A direita tradicional se tornou extremista; as liberdades civis foram restringidas em nome da luta contra o terrorismo; nos últimos dez anos, cada vez mais manifestações foram proibidas e cada vez mais toda a dissidência foi criminalizada; as leis e os decretos islamofóbicos foram acompanhados de campanhas midiáticas dirigidas contra os muçulmanos; e se desenvolveu um movimento reacionário massivo contra a igualdade de direitos e os programas educacionais que promovem a igualdade de gênero.

Na França atual, os imigrantes são sistematicamente perseguidos e agredidos pela polícia (por ordem de governos sucessivos), quando não são sequestrados, espancados e abandonados à sua própria sorte por multidões violentas. Os observadores relatam um número cada vez maior de agressões físicas por parte de grupos de extrema direita contra membros de minorias étnicas e contra ativistas envolvidos em movimentos sociais.

Um conjunto cada vez maior de publicações em todas as plataformas – desde artigos online até vídeos, podcasts, livros etc. – promove um racismo conspirativo (a teoria da “grande substituição”) e exige o estabelecimento de um governo autoritário capaz de contra-atacar as minorias e à esquerda (“o partido dos estrangeiros”). Existe um assédio público constante aos muçulmanos e aos ativistas antirracistas, feministas e LGBTI+.

Tudo isso se completa com a intensificação da repressão policial nos bairros operários e a impunidade estrutural da violência policial. O fascismo está anunciando sua chegada não como uma hipótese abstrata, mas como uma possibilidade concreta. Mencionamos algumas de suas formas distintas, ainda embrionárias, e o simples fato de enumerá-las revela a natureza esclerosada da política francesa na era neoliberal.

“Nunca mais”

Os comentaristas costumam descartar de imediato este possível retorno do fascismo: como a República Francesa, autoproclamada pátria dos direitos humanos, poderia dar lugar à barbárie fascista? A França não era “alérgica” ao fascismo ao longo do século XX, como afirmaram durante muito tempo diversos historiadores franceses convencionais?

O Front National [Fronte Nacional – FN], que se tornou o Rassemblement National [Reagrupamento Nacional – RN] em 2018, não afirma ter abandonado o projeto político que defendia desde sua fundação em 1972? Este partido não atingiu um teto de vidro eleitoral, como tem se afirmado habitualmente durante as últimas três décadas? Na verdade, não estamos assistindo a um renascimento do capitalismo francês, liderado por um presidente jovem, que finalmente está realizando as “reformas” que supostamente a França necessita?
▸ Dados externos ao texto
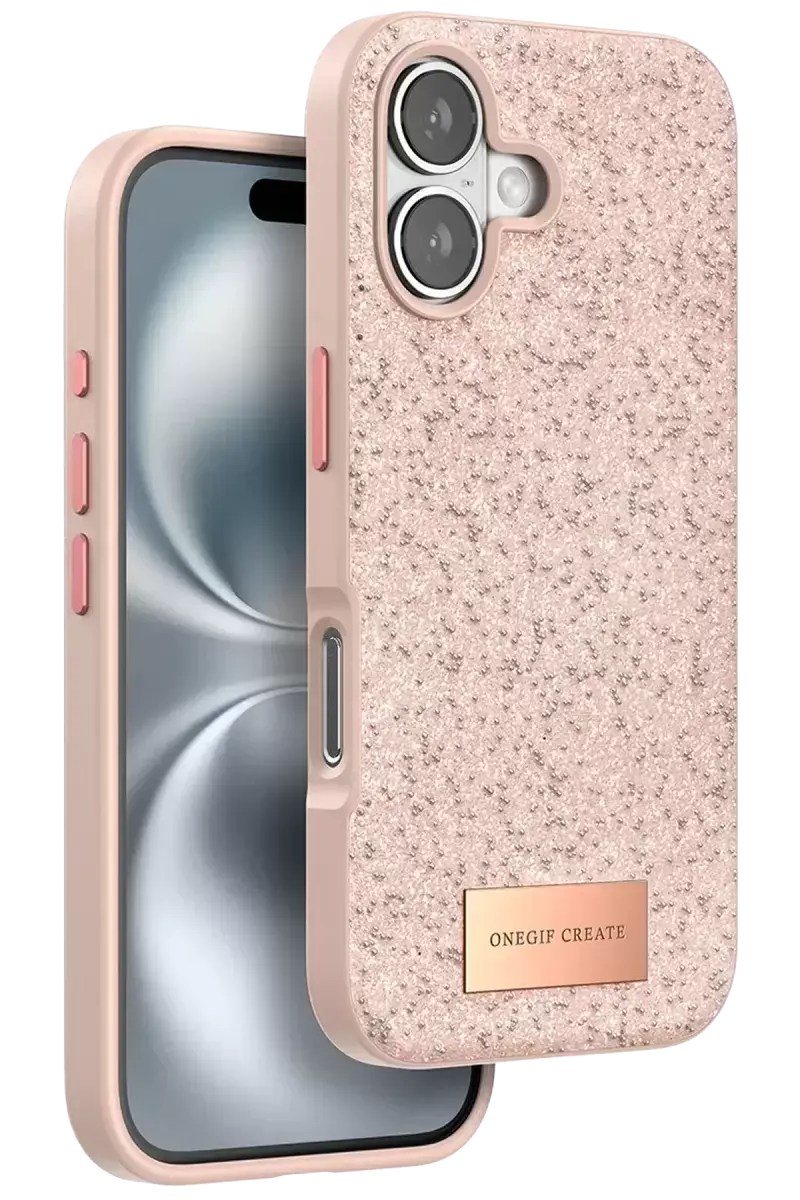 Onegif İphone 16 Plus Bright Simli Kapak - Pembe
O fascismo na França atualmente está encarnado em organizações como o FN/RN (um partido que tem mais de cinquenta anos), Reconquête [Reconquista] (fundado em 2021 pelo comentarista islamofóbico Étic Zemmour) e outros movimentos e seitas (Action française [Ação francesa], Identitaires [Identitários], “nacionalistas revolucionários” etc.). Isto não significa que alguma dessas organizações seja um movimento fascista propriamente dito. No entanto, cada uma delas é um veículo – ou, mais precisamente, um produtor, organizador e amplificador coletivo – dos desejos, ideias, estratégias e práticas fascistas.

A ideia é difícil de aceitar porque, provavelmente, temos dado muito crédito à ideia do “nunca mais”. Ou melhor, porque muita gente a interpreta mal: deveria ter sido vista como uma convocação para a ação, com o objetivo de se opor a todo ressurgimento do fascismo que se espreita no centro do capitalismo. Ao contrário, foi confundida com uma promessa ou garantia de que as “democracias” que derrotaram o fascismo nazista em 1945 não poderiam, por sua própria natureza, dar lugar ao fascismo. Não levamos suficientemente a sério a advertência do dramaturgo Bertolt Brecht: “Ainda continua sendo fértil o útero de onde surgiu a besta imunda”.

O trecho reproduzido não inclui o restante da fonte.